原田 そう思いますね。流刑地なので、南から北までいろんなところの文化が混ざっていて、お墓に行くと沖縄の様子を思い起こさせるようなとこもあります。お盆にはお墓に人が押し寄せて、縁(ルビ:へり)に座ってピザを食べたりビールを飲んでいるっていうのはすごい光景です。かなり特殊ですよね。死者に対する独特な価値観は達観しているからこそあわれむ気持ちが人一倍強いのかもしれません。不満の前に達観が来るので、なんで死んじゃったのではなくて、死ぬこと自体はしょうがないけど、いなくなって寂しいみたいなところがあります。そういう感情がダイレクトなのかなと。なんで八丈島に住んでいるんですかと聞いても、代々八丈島に住んでいるから、ずっとそうだから、私もよくは知らないからそれ以上のことは言えないって。だから亡くなった家族をそうやって思い出して大事にするっていうのは特別なこととは思ってないんですよね。お盆になったら、みんなでお墓に集まってビール飲んで楽しいなぐらいの感じ。ニュートラルですよね。
―人との距離感や自然、死者というものとの距離感がすごく独特ですね。
原田 夏に高いとこから飛び込んでいる子たちをみると不思議な気持ちになるんです。島の子たちって6mくらいのところから海にどんどん飛び込むんです。一度潜ってみえなくなって、ふぁーっと上がってくる。それをずっとみていると、生きるとか死ぬとかってこういうことだなと疑似的に生死のサイクルをみているような気になるんです。それは最初に行ったときから感じています。島の子たちはそういうことに対してもドライですけど。
八丈島に通うことを介して自分の変化を感じている
―八丈島に通い続けようと思ったのはなぜですか。
原田 普段生活していると出会わないような、人が達観している感じがするんです。前回もお話ししましたが、高校を卒業するタイミングで人生を決めなきゃいけない、親離れをしなくてはいけないとか価値観が完成されているというか、大人だなと思いました。言い方を変えればそこまで多様ではないんですよね。そのほかの物事に対しても、ある程度は仕方がないこととして受け止めているところに惹かれたというか、いいなと思ったんでしょうね。当時まだ大学生で未熟だったので、自分がそういう傍観的な立ち位置から人の様相をみてくことはすごくいい機会でした。

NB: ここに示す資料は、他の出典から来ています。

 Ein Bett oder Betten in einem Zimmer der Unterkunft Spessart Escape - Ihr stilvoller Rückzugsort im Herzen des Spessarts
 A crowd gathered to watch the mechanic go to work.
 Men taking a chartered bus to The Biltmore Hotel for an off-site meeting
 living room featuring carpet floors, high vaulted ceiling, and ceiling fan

―写真をみていると、傍観者としてこれ以上はいかないというような距離感が全体を通してあるなと感じました。
原田 それは意識していますね。どうしても島に行く=その生活をドキュメントして人にもっともっとフォーカスして撮るみたいに思われますよね。長野陽一さんとか石川直樹さんとかいろんな人が島や東南アジアのコミュニティに入って作品をつくっています。その中で自分が島に行って同じことしてもそれっぽい写真にしかならないんです。もうひとつは、社会がどんどんリベラルで開かれた世界になっていることはいいことだなと思う一方、島や地方に行くと、開かれていくことに対して追いつけない人や受け入れ方がわからなくて戸惑っている人たちをたくさんみます。その人たちにとって理不尽なことは取り除かれた方がいいけれど、なんでもかんでも開かれて多様になっていること自体が本当にいいことなのかは地域性にもよるし、一概にはいえないと僕自身は思っています。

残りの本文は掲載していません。